RECORDED INFORMATION →
....

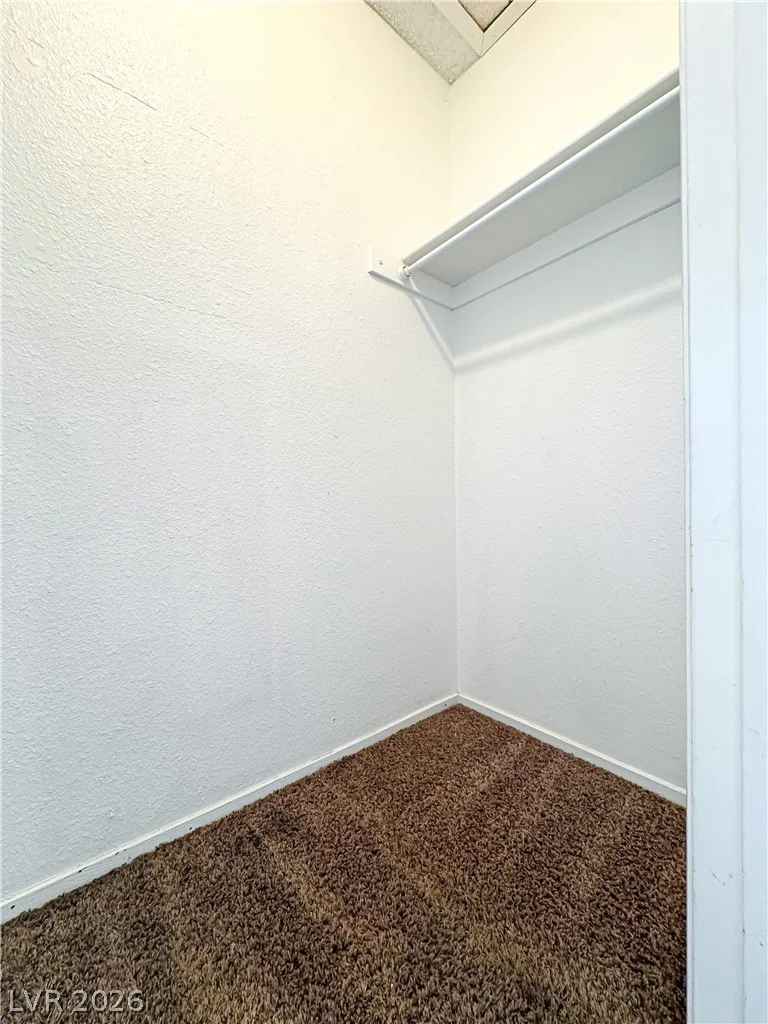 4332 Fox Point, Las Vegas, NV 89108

....

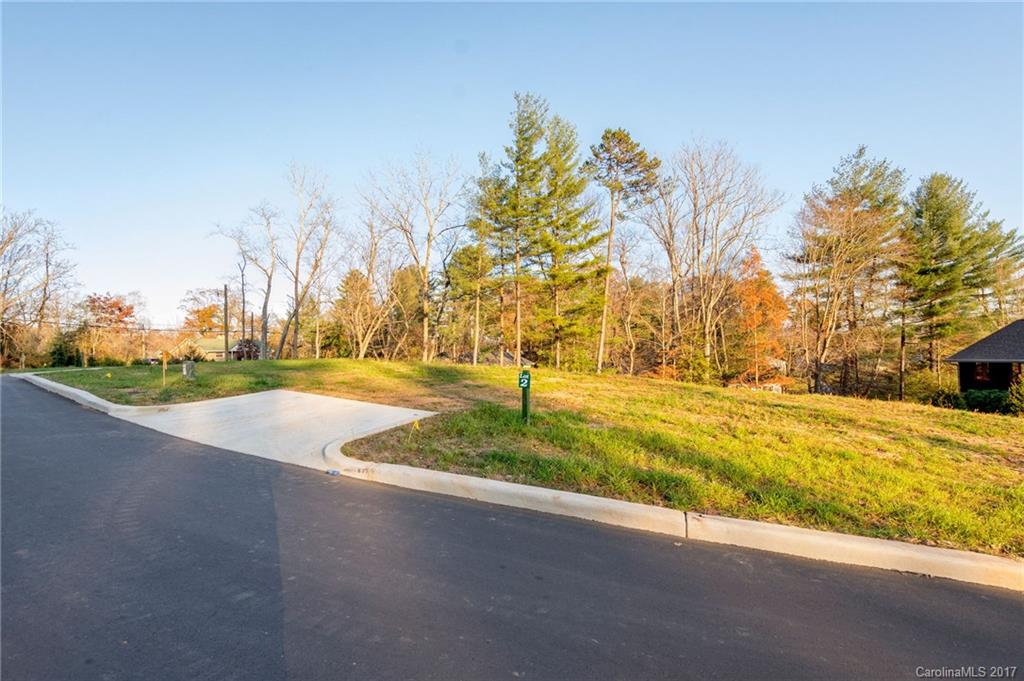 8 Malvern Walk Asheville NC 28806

....

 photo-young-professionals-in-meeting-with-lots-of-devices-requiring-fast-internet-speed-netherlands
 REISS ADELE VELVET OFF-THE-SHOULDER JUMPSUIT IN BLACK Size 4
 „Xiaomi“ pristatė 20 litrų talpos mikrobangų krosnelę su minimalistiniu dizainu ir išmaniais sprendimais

....

Using the entries above, repeat only the lines from the one containing "REISS ADELE VELVET" through the one containing "ir išmaniais sprendimais", end lines included.

 REISS ADELE VELVET OFF-THE-SHOULDER JUMPSUIT IN BLACK Size 4
 „Xiaomi“ pristatė 20 litrų talpos mikrobangų krosnelę su minimalistiniu dizainu ir išmaniais sprendimais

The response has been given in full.